Comme François, Baudouin n’avait pas de numéro accolé à son nom de règne, accentuant encore son caractère unique. Roi très aimé de son peuple, souffrant intimement de n’avoir pu avoir d’enfant avec son épouse la reine Fabiola avec laquelle il partageait une foi profonde, Baudouin ne pouvait pas, en conscience, sanctionner la loi qui, en 1990, devait dépénaliser l’avortement en Belgique. Usant d’une possibilité offerte par la Constitution belge, il s’était alors retiré quelques heures de sa fonction royale, le 4 avril, afin de ne pas être associé à cette décision. À l’époque, même si une majorité de la population était favorable à la nouvelle législation, le geste du roi avait été salué pour le courage qu’elle exprimait de la part d’un homme connu pour sa réserve naturelle.
Nul doute que le pape François ne veuille voir le roi Baudouin élevé à la gloire des autels pour cette attitude courageuse, signifiant par là son propre refus, qui n’est que le rappel de l’enseignement constant de l’Église sur l’avortement. Déjà, dès le premier jour de son voyage au Luxembourg, il s’était désolé, certes avec humour mais aussi fermeté, sur la dénatalité colossale de cette partie de l’Europe. Les interlocuteurs du Pape ont moyennement apprécié, d’autant que le Pape a exprimé son souhait, ce qui n’est manifestement pas un hasard, le jour dit du "droit à l’avortement" en Belgique. La classe politique et les autorités universitaires se sont montrées, dans leur ensemble, très hostiles à la position du Souverain Pontife, pas pour son souhait de béatification qui relève de sa responsabilité, mais pour son ingérence dans la législation d'un État laïque et par ailleurs fortement déchristianisé.

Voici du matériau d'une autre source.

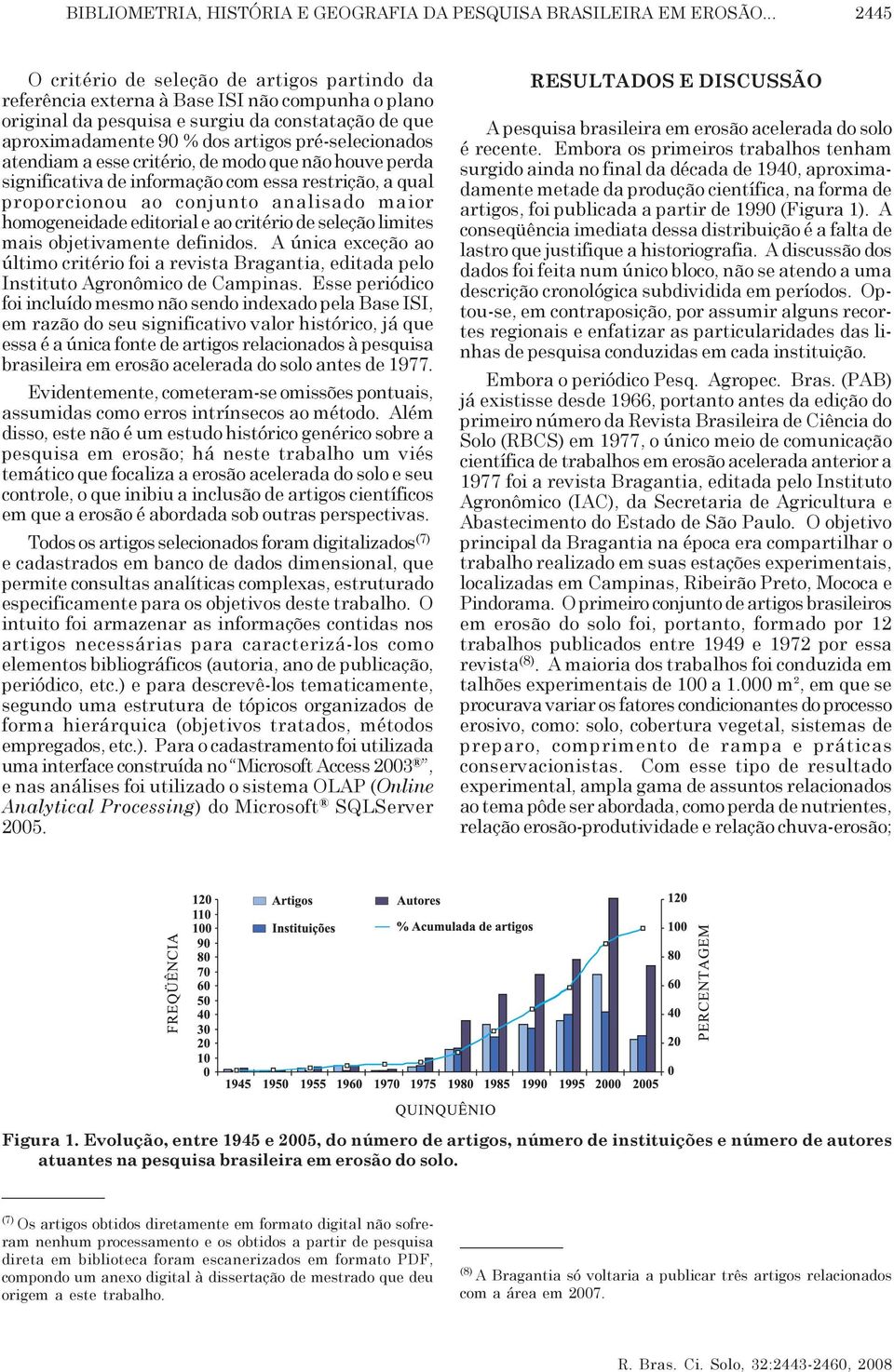 pré-selecionados atendiam a esse critério, de modo que não houve perda significativa de informação com essa restrição, a qual proporcionou ao conjunto analisado maior homogeneidade editorial e ao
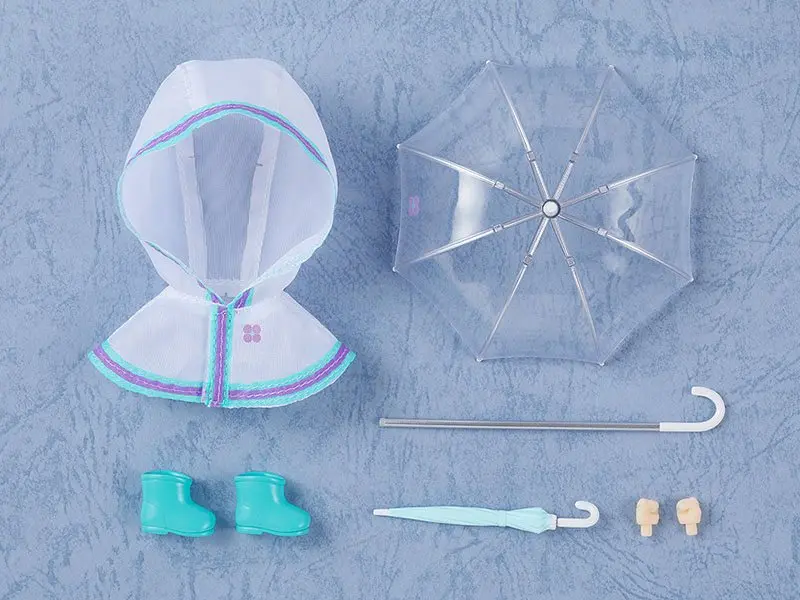 Original Character Parts for Nendoroid Doll Figures Outfit Set Rain Poncho - White termékfotó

Le contrepied de la société
Alors que cela n’était pas prévu au programme, François est allé se recueillir dans la crypte de l'église paroissiale de Laeken, en présence du roi Philippe et de la reine Mathilde. L’actuel souverain belge, dont on sait également la foi sincère, s’est inscrit dans les pas de son anté-prédécesseur, en précisant le caractère privé de la démarche du Saint-Père, afin de ne pas froisser l’opinion de son royaume fortement déchristianisé. De fait, le Pape a pris le contrepied de la société belge et assurément dérouté ceux qui le saluaient jusqu’ici pour son progressisme. Mais, pour François, l’immigré et l’enfant à naître c’est tout un, un être fragile que la société doit accueillir avec générosité.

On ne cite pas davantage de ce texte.